Durante varios años las semillas transgénicas de la oleaginosa estuvieron
prohibidas en Brasil, pero no hubo esfuerzo que las frenara.
En 2005, el
gobierno del presidente Lula da Silva legalizó el cultivo, según alegó
porque no podía combatir el hecho consumado de su imposición, y después destinó
millones y millones de dólares a desarrollarlo. A tal punto, que
Brasil es
hoy el segundo productor y exportador mundial de soja transgénica, que 17 de los
25 estados del país están sembrados con ella y que la famosa hojita verde de
laboratorio genera el 26 por ciento de las exportaciones agropecuarias
brasileñas.
La soja Roundup Ready (RR), genéticamente modificada para resistir al herbicida
Roundup, fabricado por la propia transnacional, ocupa casi el 90 por
ciento de los 25 millones de hectáreas de territorio brasileño sembradas con la
oleaginosa.
Por usar esa semilla patentada, los productores brasileños deben pagarle un 2
por ciento de su cosecha anual en royalties al comprarla, y otro 2 por ciento
cuando venden su cosecha.
Si
la sentencia se ratifica Monsanto deberá pagar unos 7.500 millones de dólares en
indemnizaciones a sus demandantes |
"La ley
prevé el derecho de los productores de multiplicar las semillas que compran, y
en ninguna parte del mundo se cobra con la producción final. Los productores
están pagando un impuesto privado sobre la producción", comentó una de las
abogadas de los productores demandantes, Jane Berwanger.

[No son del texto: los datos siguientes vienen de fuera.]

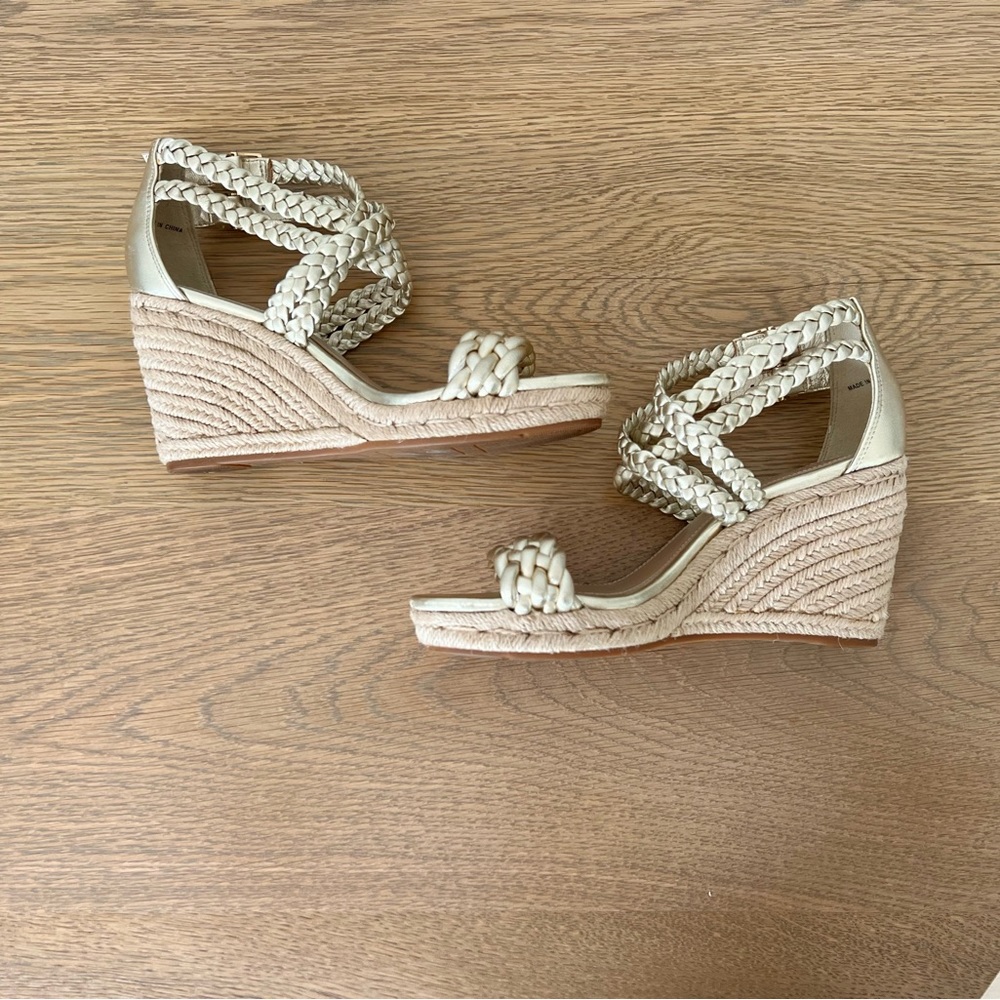 Tory Burch Bailey Metallic Leather Braid Espadrille Wedge Platform Sandals Gold - Picture 7 of 15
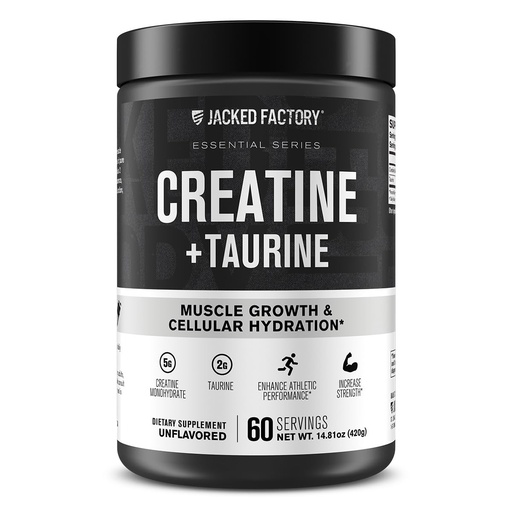 [BRSREYAHC5YAG2DX] Jacked Factory Creatine + Taurine - Creatine Monohydrate 5000mg with Taurine 2000mg for Increased Muscle Strength & Cellular Hydration - 60 Servings, Unflavored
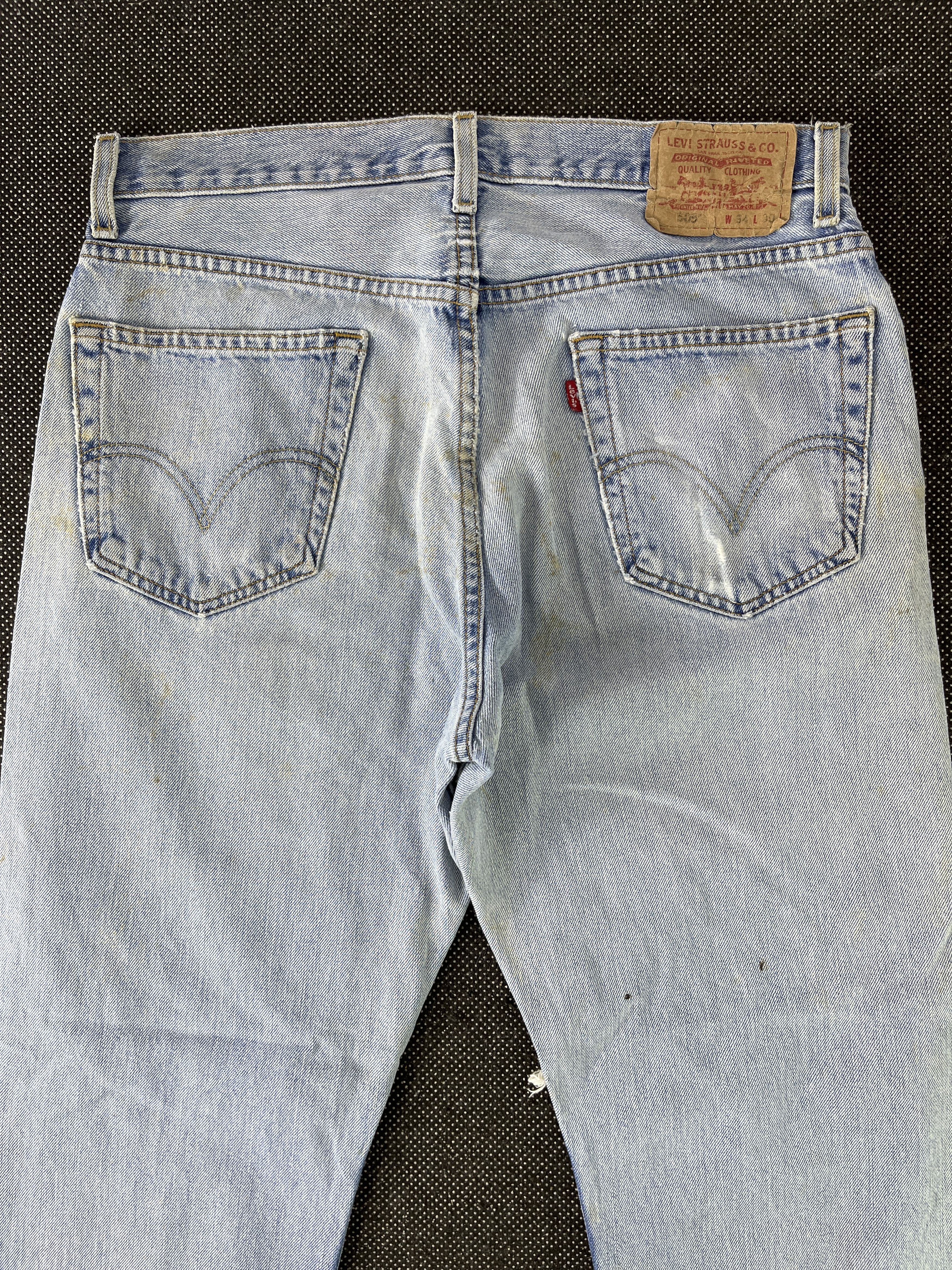 Levi's Vintage Levi’s 505 Thrashed Ripped Jeans - J320 Size US 34 / EU 50 - 4 Thumbnail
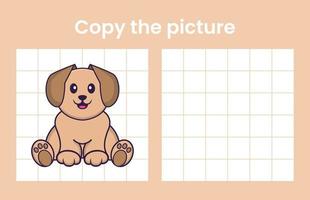 copier l'image d'un chien mignon. jeu éducatif pour les enfants. illustration de vecteur de dessin animé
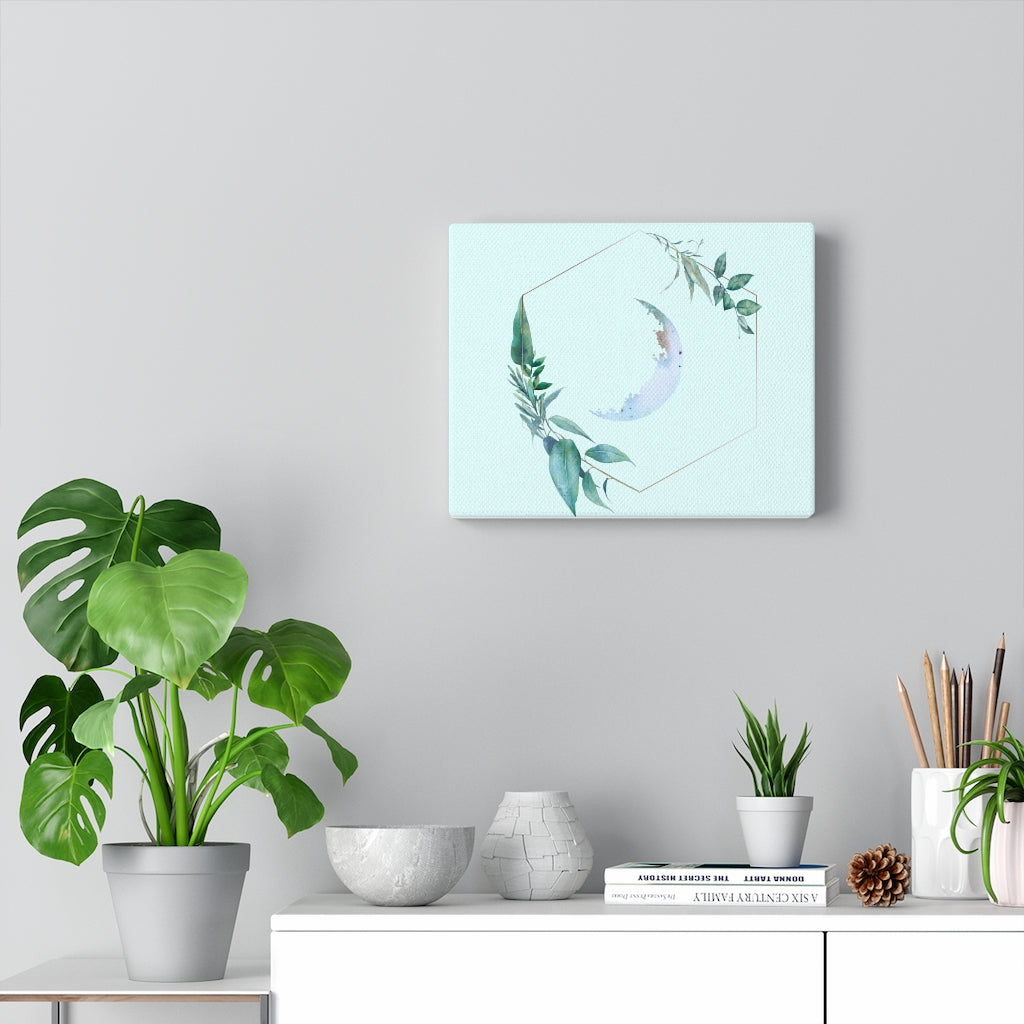 Geometrical moon with leaves canvas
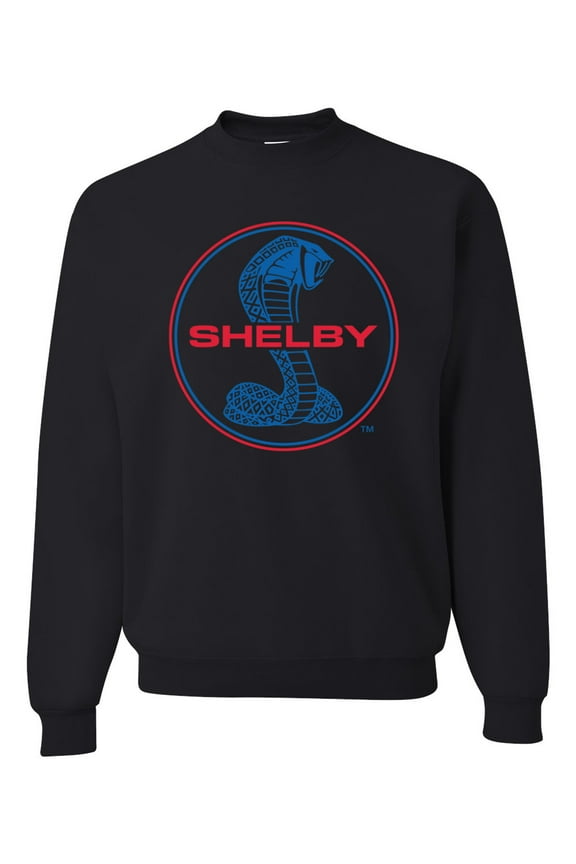 , Shelby Cobra USA Logo Emblem Powered by Ford Motors, Cars and Trucks, Unisex Crewneck Graphic Sweatshirt, Black, Small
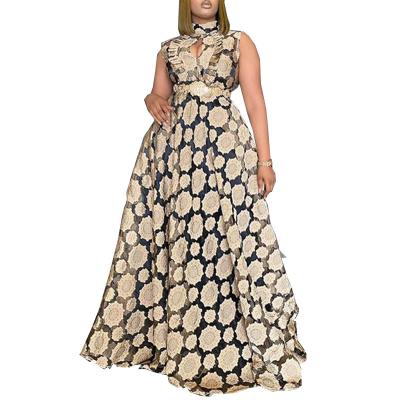 China 2022 Fashion Women's Sleeveless Dress Anti-static High Neck Air Chest Snowflake Round Print Dress Large for sale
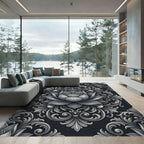 Silver Embossed Lotus Floral Damask Rug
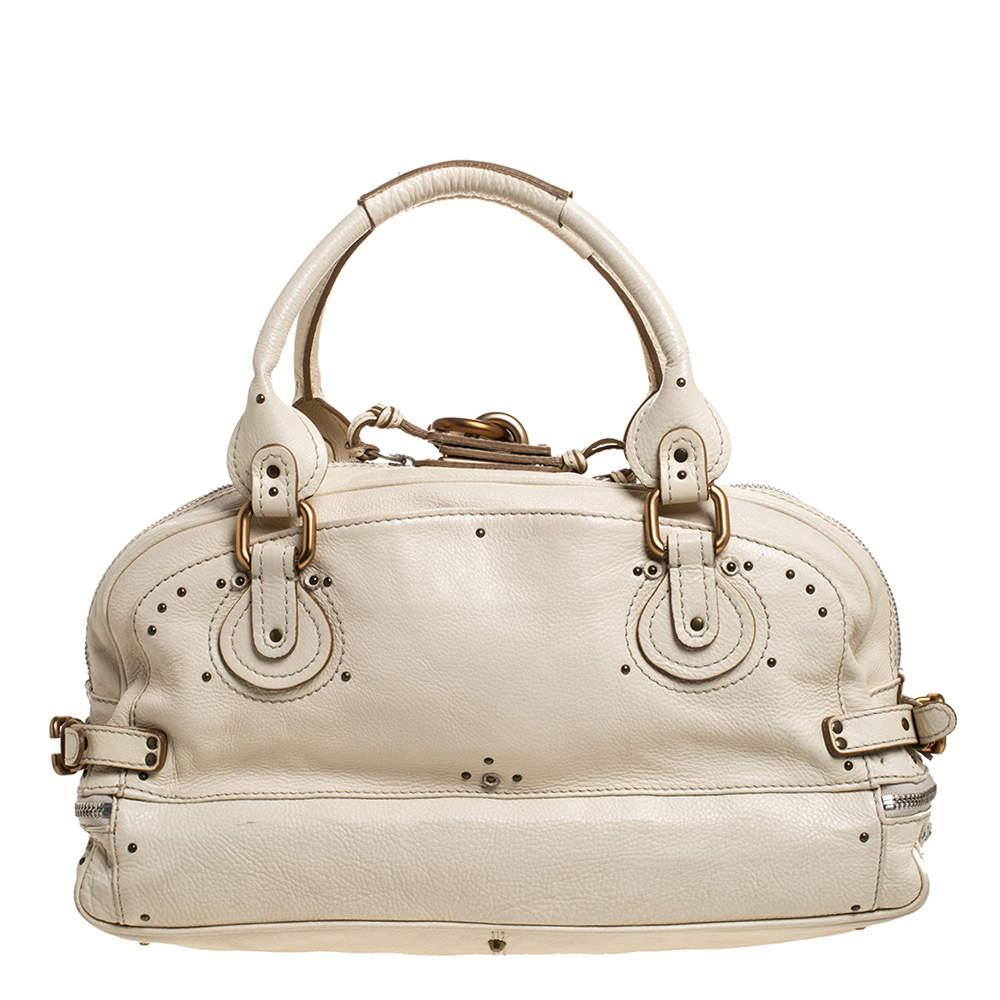 Chloe Creme Leder Paddington Satchel mit Reißverschluss im Zustand „Gut“ in Dubai, Al Qouz 2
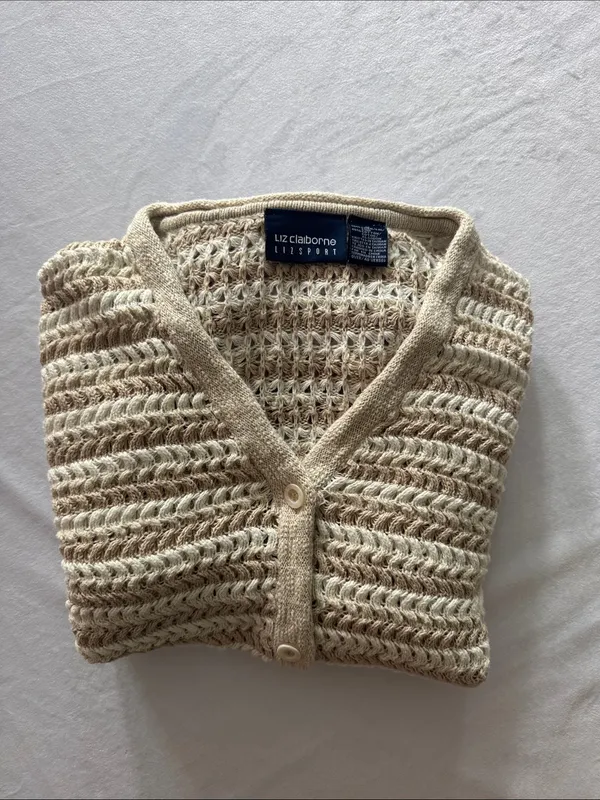 Liz Claiborne Cotten Linen Blend Cream Open-Weave Button Front Cardigan - Image 3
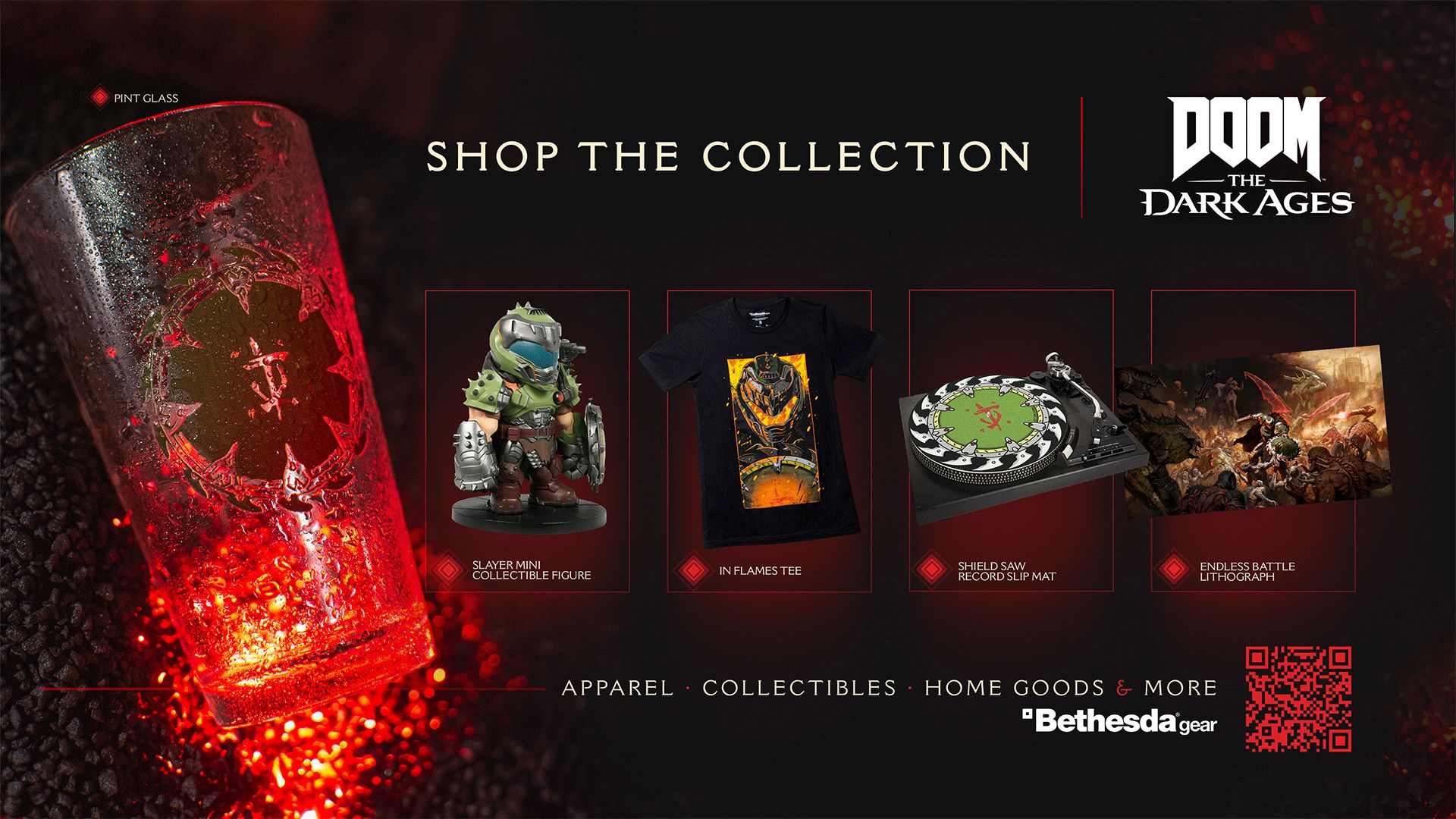The DOOM: The Dark Ages Collection, including the Mini DOOM Slayer collectible figure, wall art, accessories and more!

Paradójicamente, Monsanto no debe hacer frente esta vez en Brasil a ninguno de
sus oponentes tradicionales (agricultores familiares, productores de otros
rubros, sindicatos, grupos ambientalistas, movimientos sociales, comunidades
nativas) sino a quienes son objetivamente sus aliados, los productores sojeros
que han incorporado sin mayor drama una tecnología que multiplica sus ganancias.
“No hay
como Monsanto para esquilmar”, decía recientemente la francesa Robin.
Más allá de esta
situación, no se escucha entre los sojeros reclamos por los daños sanitarios y
ambientales generados por los productos que Monsanto elabora y ellos
utilizan, o por el desplazamiento hacia las periferias urbanas de decenas de
miles de campesinos expulsados por el avance de la soja, o por la amenaza que la
oleaginosa representa para el Cerrado, un área de 2 millones de quilómetros
cuadrados que concentra el 5 por ciento de la biodiversidad mundial.
Aun así, dijo un productor
lechero de una pequeña localidad de Rio Grande, “toda dificultad de Monsanto
hay que celebrarla”. Máxime cuando no es la única que la transnacional enfrenta
en Brasil, y en especial en ese estado del sur del país.
A fines de agosto, un
tribunal de segunda instancia de la ciudad de Porto Alegre condenó a la empresa
a pagar al Estado 500.000 reales (unos 250.000 dólares) por una “publicidad
engañosa” sobre la soja transgénica.
El aviso, de 2004,
promovía las “bondades” del producto de laboratorio cuando éste todavía estaba
prohibido en Brasil.
Monsanto
"enalteció un producto cuya venta estaba prohibida y no aclaró que sus
pretendidos beneficios son muy cuestionados en el medio científico", dice el
fallo del juez instructor del caso, Jorge Antonio Maurique.
Si la sentencia es
ratificada, Monsanto deberá pagar el cuarto de millón de dólares y además
difundir una publicidad en la que consten los efectos negativos de los productos
con los que modifica las semillas de soja.